Top of Records to process

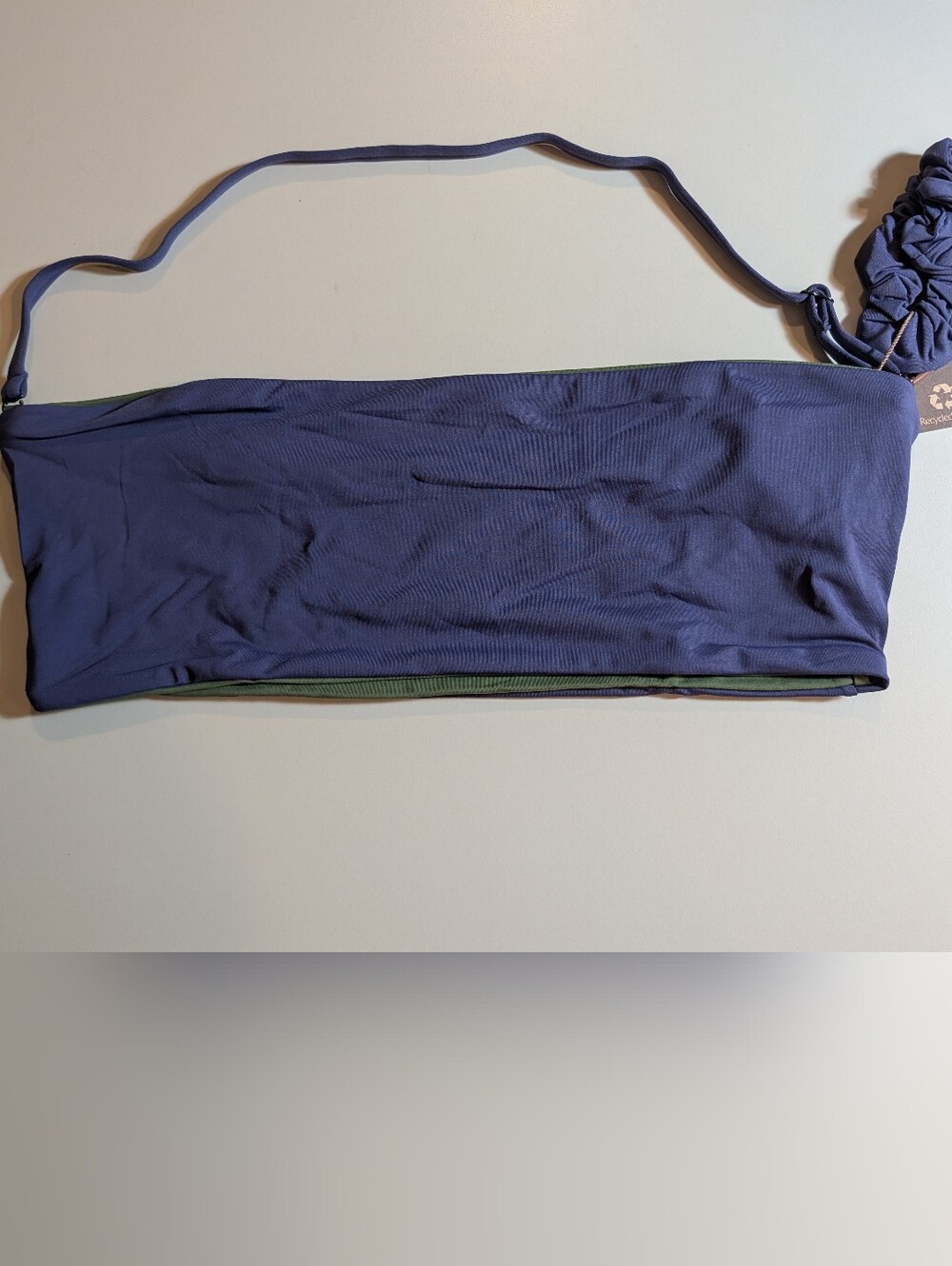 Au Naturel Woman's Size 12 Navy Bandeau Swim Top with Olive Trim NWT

Bottom of Records to process
Top of Records to process

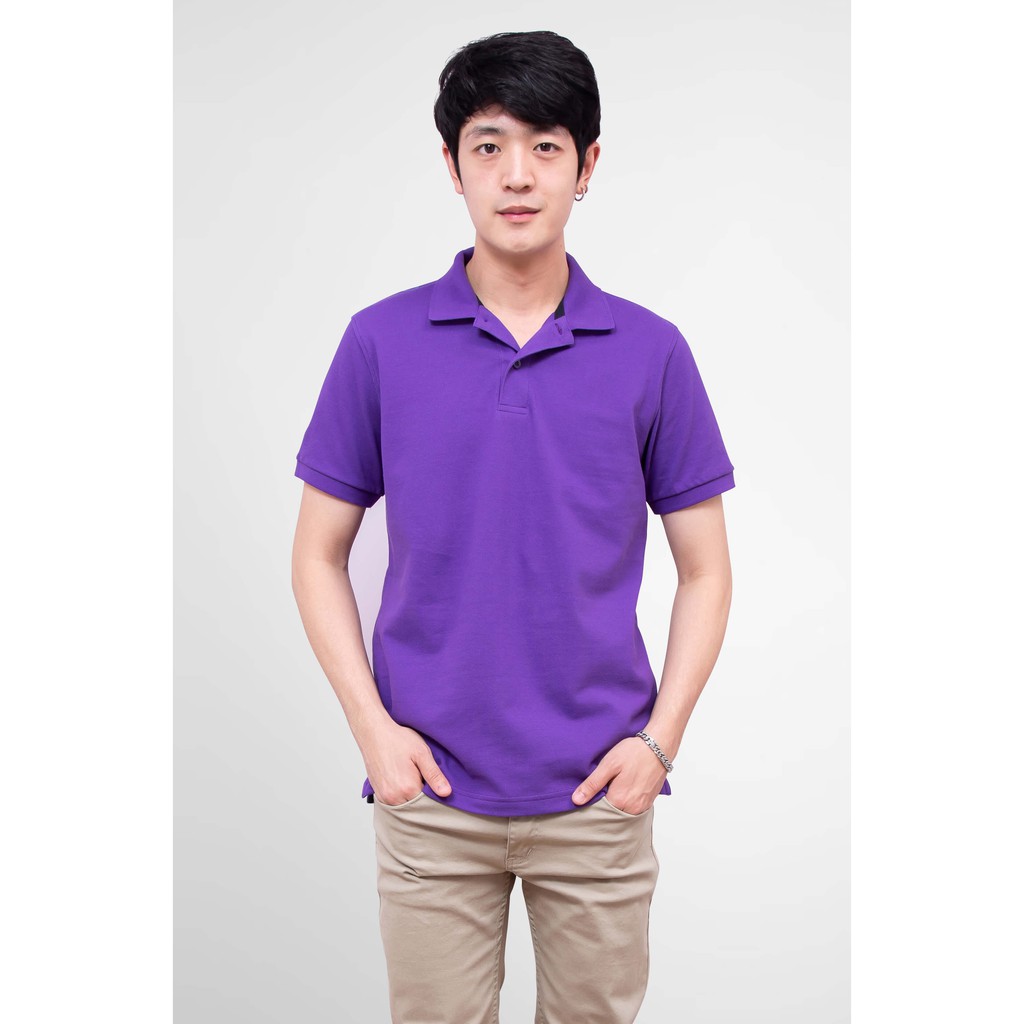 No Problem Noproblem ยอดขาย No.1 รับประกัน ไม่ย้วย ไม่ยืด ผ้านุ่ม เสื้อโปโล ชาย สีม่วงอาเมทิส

Bottom of Records to process
Top of Records to process

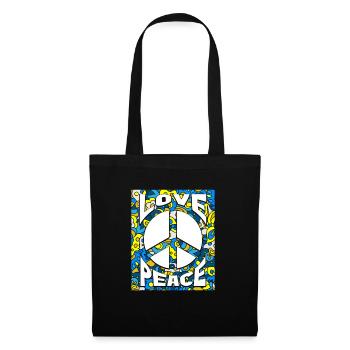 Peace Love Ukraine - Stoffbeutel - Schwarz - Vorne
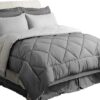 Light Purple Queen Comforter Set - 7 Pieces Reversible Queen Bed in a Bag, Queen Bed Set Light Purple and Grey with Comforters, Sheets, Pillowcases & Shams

Bottom of Records to process

- [Work instructions]
Reproduce exactly the lines above that run from the one with "Peace Love Ukraine" to the one with "Light Purple Queen", both included, leaving pictures out.

- [Response]
 Peace Love Ukraine - Stoffbeutel - Schwarz - Vorne
 Light Purple Queen Comforter Set - 7 Pieces Reversible Queen Bed in a Bag, Queen Bed Set Light Purple and Grey with Comforters, Sheets, Pillowcases & Shams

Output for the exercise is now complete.